Exercise requirements >>
Records follow. Print exactly the lines from the one that has "1309 Greenview Drive photo 20" through the one that has "Snapshot of kendra_london", inclusive, and omit the pictures.

**** Material shown ****

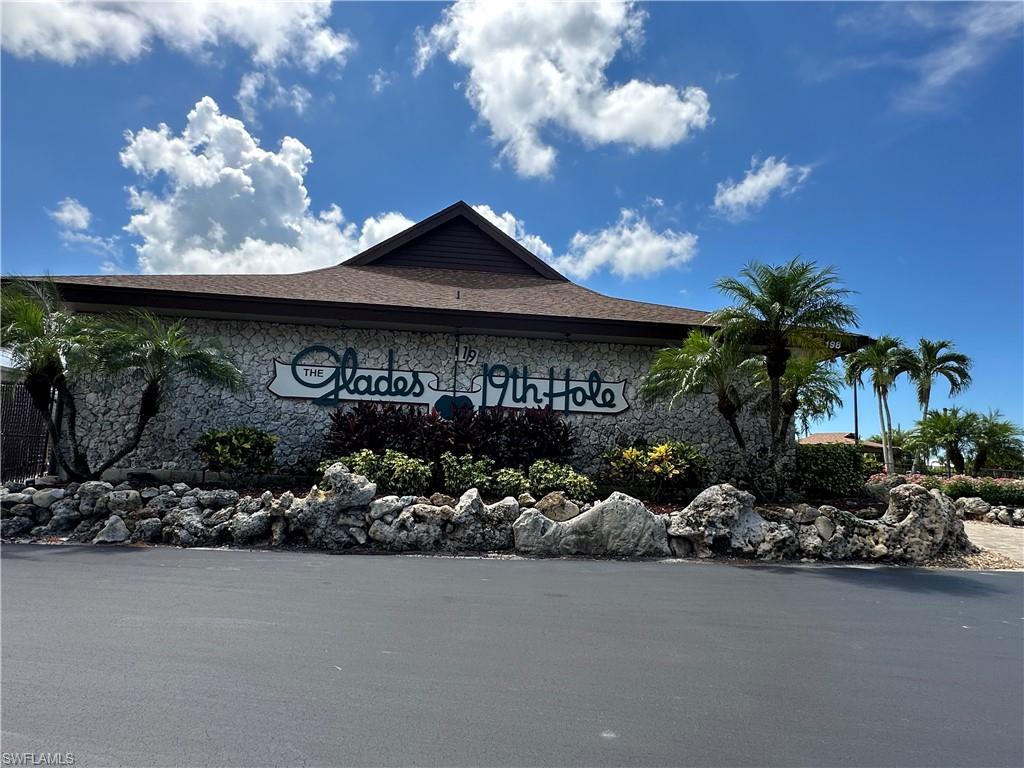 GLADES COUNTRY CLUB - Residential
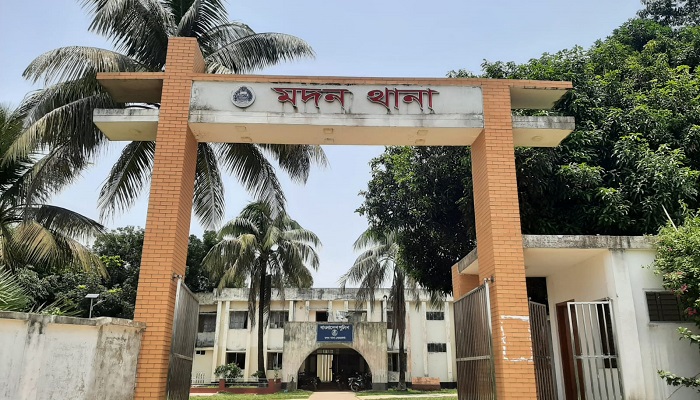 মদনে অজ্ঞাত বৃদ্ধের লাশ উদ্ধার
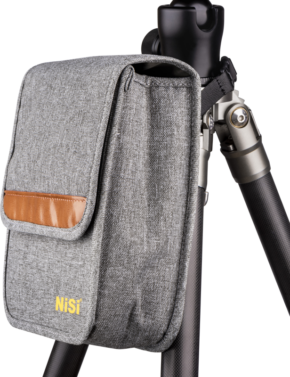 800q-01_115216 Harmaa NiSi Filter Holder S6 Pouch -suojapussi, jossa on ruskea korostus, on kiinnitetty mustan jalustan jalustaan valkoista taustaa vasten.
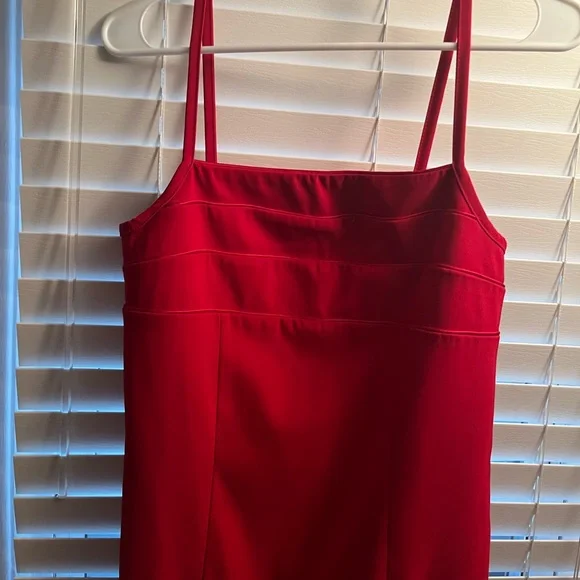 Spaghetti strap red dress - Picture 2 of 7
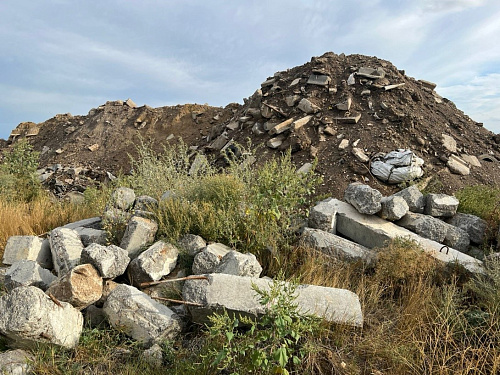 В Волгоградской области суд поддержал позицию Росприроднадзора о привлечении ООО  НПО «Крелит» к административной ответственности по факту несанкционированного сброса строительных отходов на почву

****
**** Material shown ****

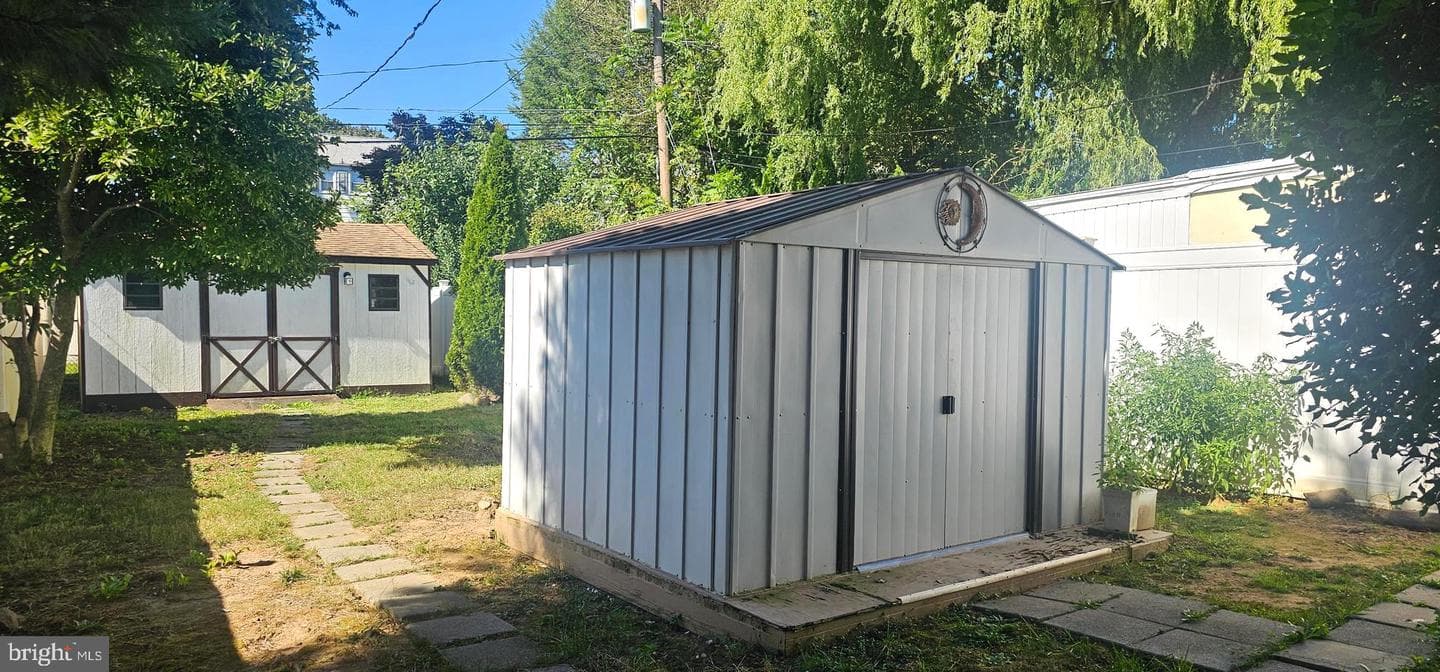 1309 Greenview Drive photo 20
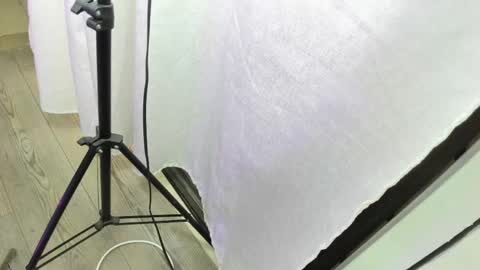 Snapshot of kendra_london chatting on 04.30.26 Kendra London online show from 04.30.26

****

The answer >>
 1309 Greenview Drive photo 20
 Snapshot of kendra_london chatting on 04.30.26 Kendra London online show from 04.30.26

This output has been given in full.